TASK DESCRIPTION: Output, verbatim and without pictures, the lines from the first line of the listing through the line containing "Dedoles Ciabatte Donna".

━━━━━━

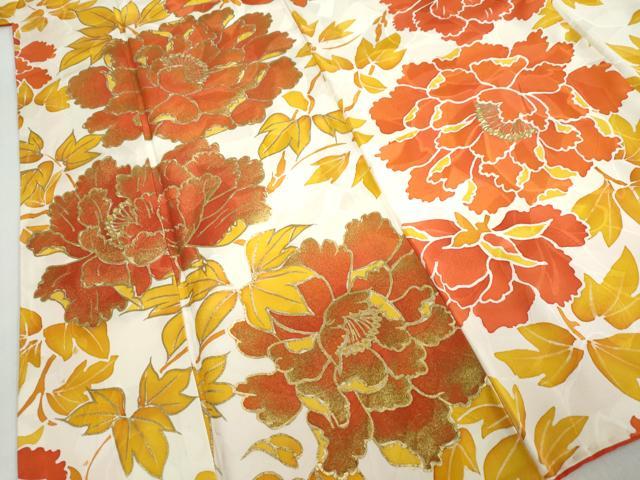 平和屋着物●豪華振袖　牡丹文　金彩　正絹　逸品　DABC2270ud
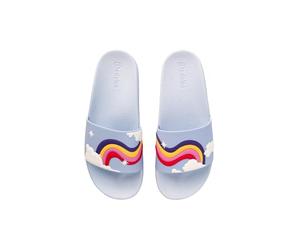 Dedoles Ciabatte Donna Uomo & Bambini Sandali per Spiaggia e Piscina con tanti Design Patatine Fiori Volpe Lama Nuvole Ketchup Regalo, Colore: Cielo con arcobaleno, Misurare: 37 EU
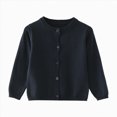 thumbnail image 1 of CAUYDY Kids Girls' Fall Long Sleeve Knit Sweater Solid Button Up Back to School Cardigan Outerwear Navy Sizes 18-24 Months, 1 of 4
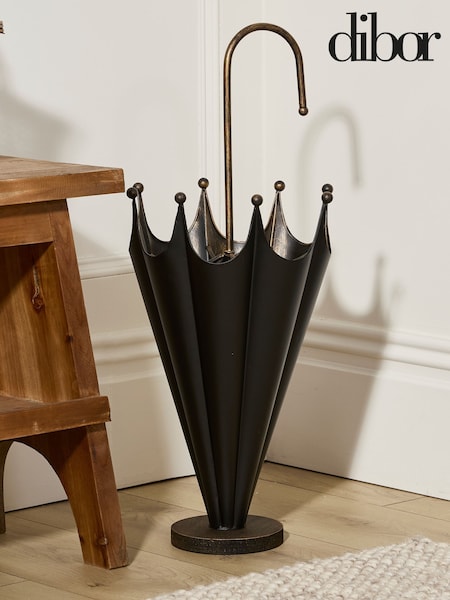 Dibor Black Black and Gold Umbrella Stand (AK5797) | £52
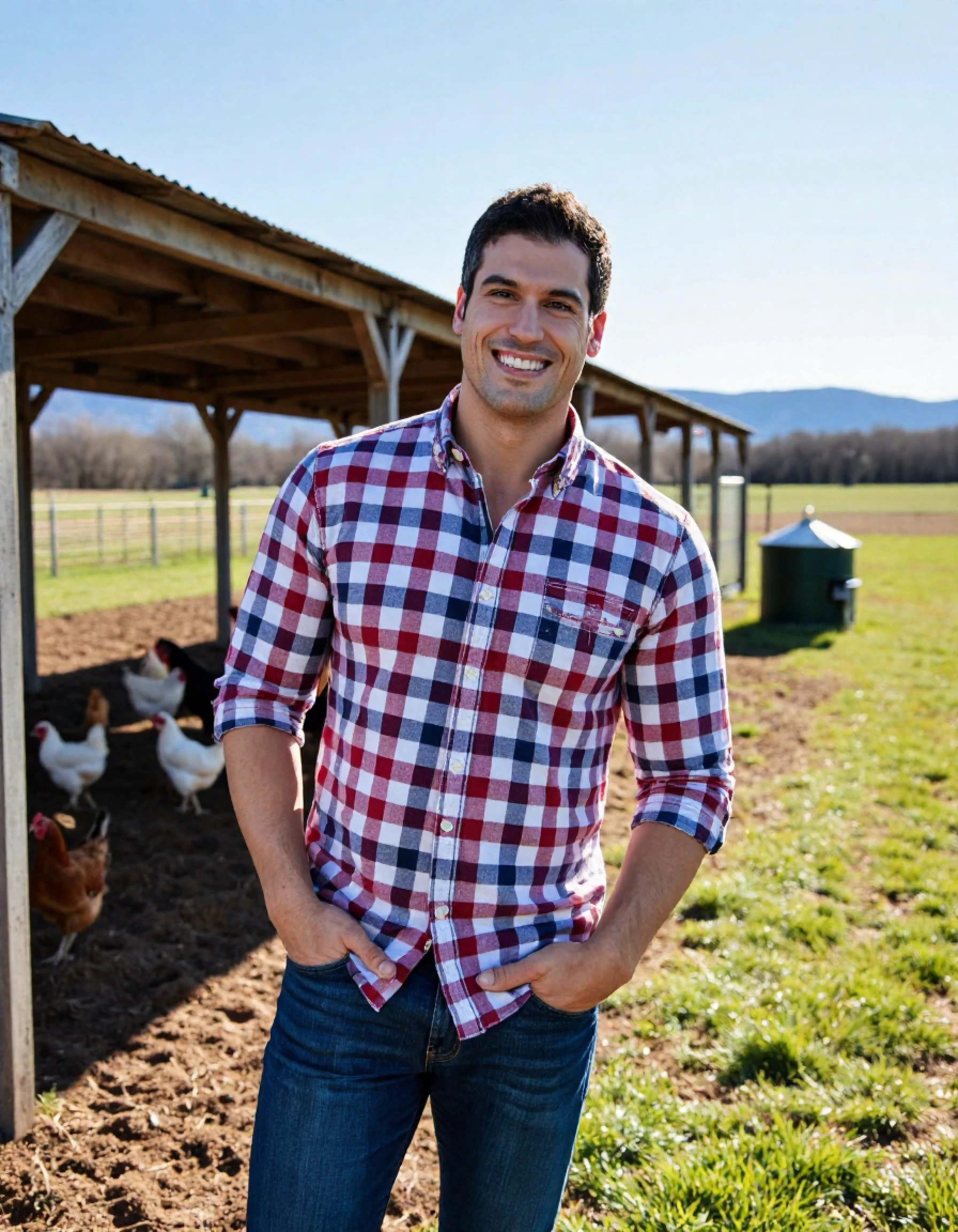 giobenitez a man standing on a ranch. he is handsome. he is muscular. he is wearing a plaid shirt with rolled up sleeves. he is wearing blue jeans. he is looking at you. he is smiling. he is standing near a chicken coop. it is daytime.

━━━━━━

EXERCISE OUTPUT:
 平和屋着物●豪華振袖　牡丹文　金彩　正絹　逸品　DABC2270ud
 Dedoles Ciabatte Donna Uomo & Bambini Sandali per Spiaggia e Piscina con tanti Design Patatine Fiori Volpe Lama Nuvole Ketchup Regalo, Colore: Cielo con arcobaleno, Misurare: 37 EU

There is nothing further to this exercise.